Ingredients:
- 1/2 cup (115g) unsalted butter, softened
- 1 cup (250g) creamy peanut butter
- 3/4 cup (150g) light brown sugar, packed
- 1/2 cup (100g) granulated white sugar
- 1 large egg, room temperature
- 1 tablespoon pure vanilla extract
- 1 1/2 cups (190g) all-purpose flour
- 1 teaspoon baking soda
- 1/2 teaspoon kosher salt
- 1 1/2 cups (250g) M&M's milk chocolate candies
- 1/2 cup (90g) semi-sweet chocolate chips
Instructions:
- Preheat your oven to 350°F (180°C). Line two large baking sheets with parchment paper or silicone mats.
- Beat 1/2 cup (115g) softened butter, 1 cup (250g) peanut butter, 3/4 cup (150g) brown sugar, and 1/2 cup (100g) white sugar.
- Cream for 2-3 minutes until the mixture looks pale and fluffy.
- Add 1 large egg and 1 tablespoon vanilla extract. Mix on medium speed until the yellow streaks of egg disappear.

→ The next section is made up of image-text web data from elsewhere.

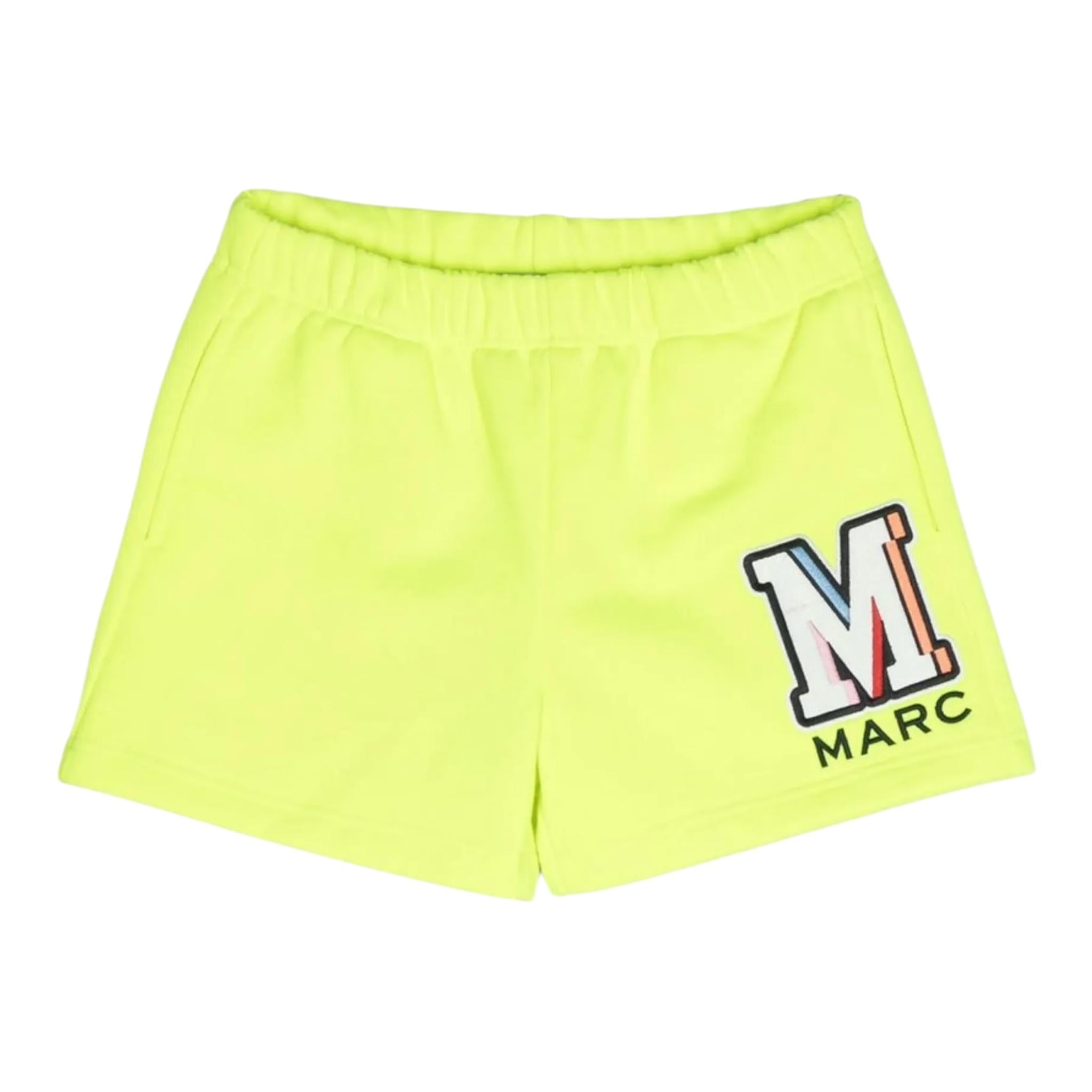 MARC JACOBS W14316GIALLO FLUO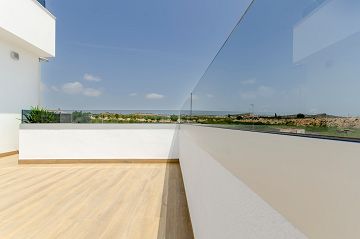 Villa, Vistabella Golf, Orihuela 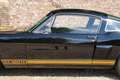 Ford Mustang Fastback Shelby GT 350H Clone, Fantastic car, driv Zwart - thumbnail 44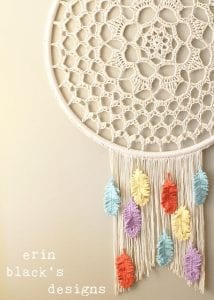 Düş Kapanı Modelleri - Resim 96
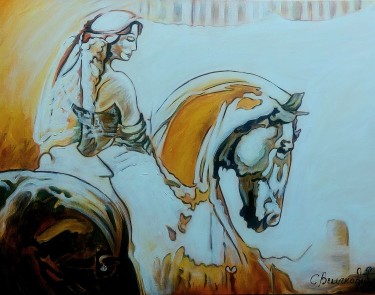 Pobeda, autor Velickovic Snezana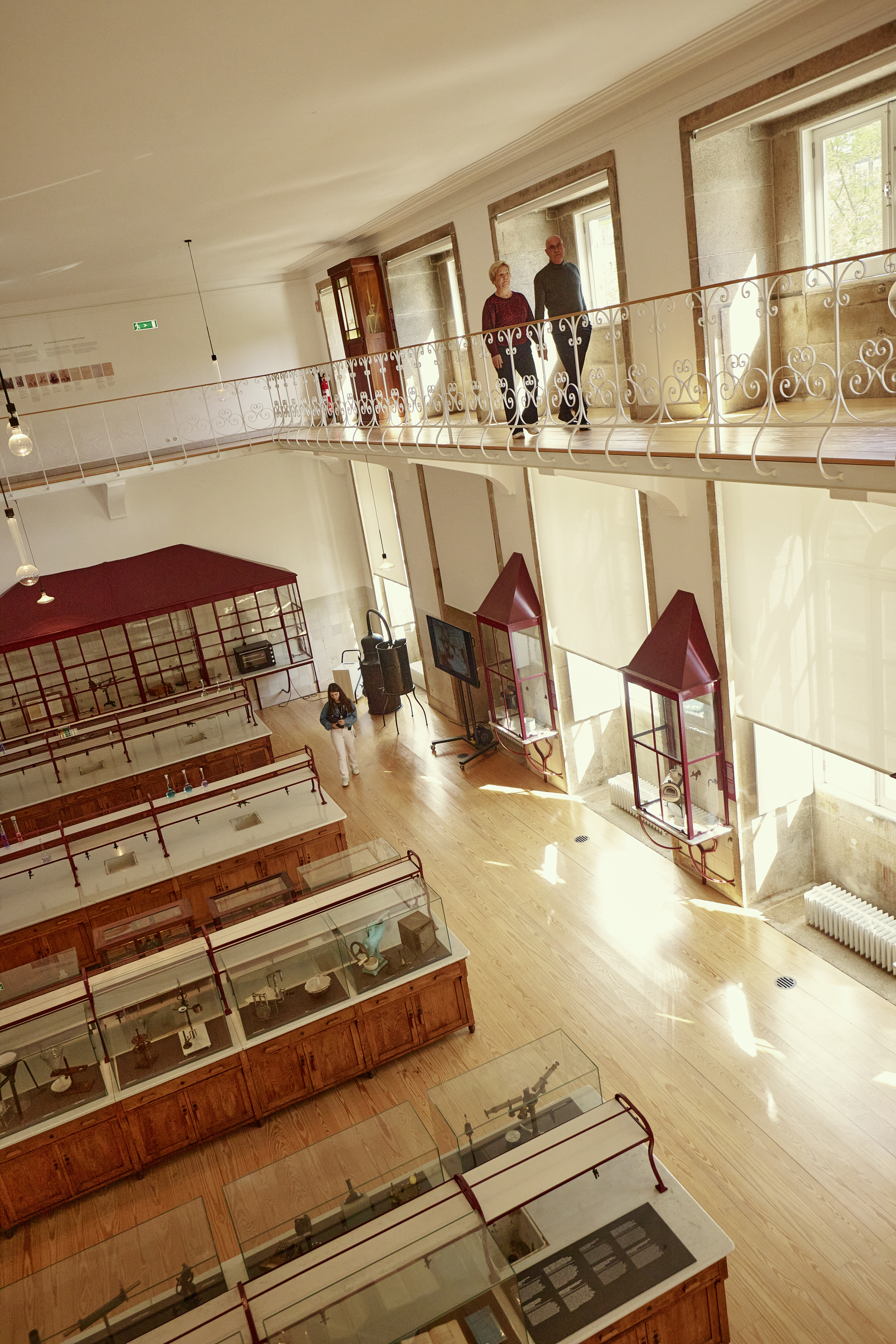 Natural History Museum of the Porto University - Museums & Thematic Centres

- Whisk together 1 1/2 cups (190g) all purpose flour, 1 teaspoon baking soda, and 1/2 teaspoon salt.
- Pour the dry ingredients into the wet mixture. Mix on low speed until just a few streaks of flour remain.
- Fold in 1 1/2 cups (250g) M&M's and 1/2 cup (90g) chocolate chips using a spatula. Don't overmix, or the cookies will be tough.
- Scoop rounded tablespoons of dough onto the prepared sheets. Space them 2 inches apart to allow for natural spreading.
- Bake for 10 minutes. The edges should be set, but the centers will still look slightly soft.
- Remove from the oven and let them sit on the hot pan for 5 minutes. Wait for the residual heat to finish the center.
- Transfer to a wire rack to cool completely. The shells will crackle slightly as they reach room temperature.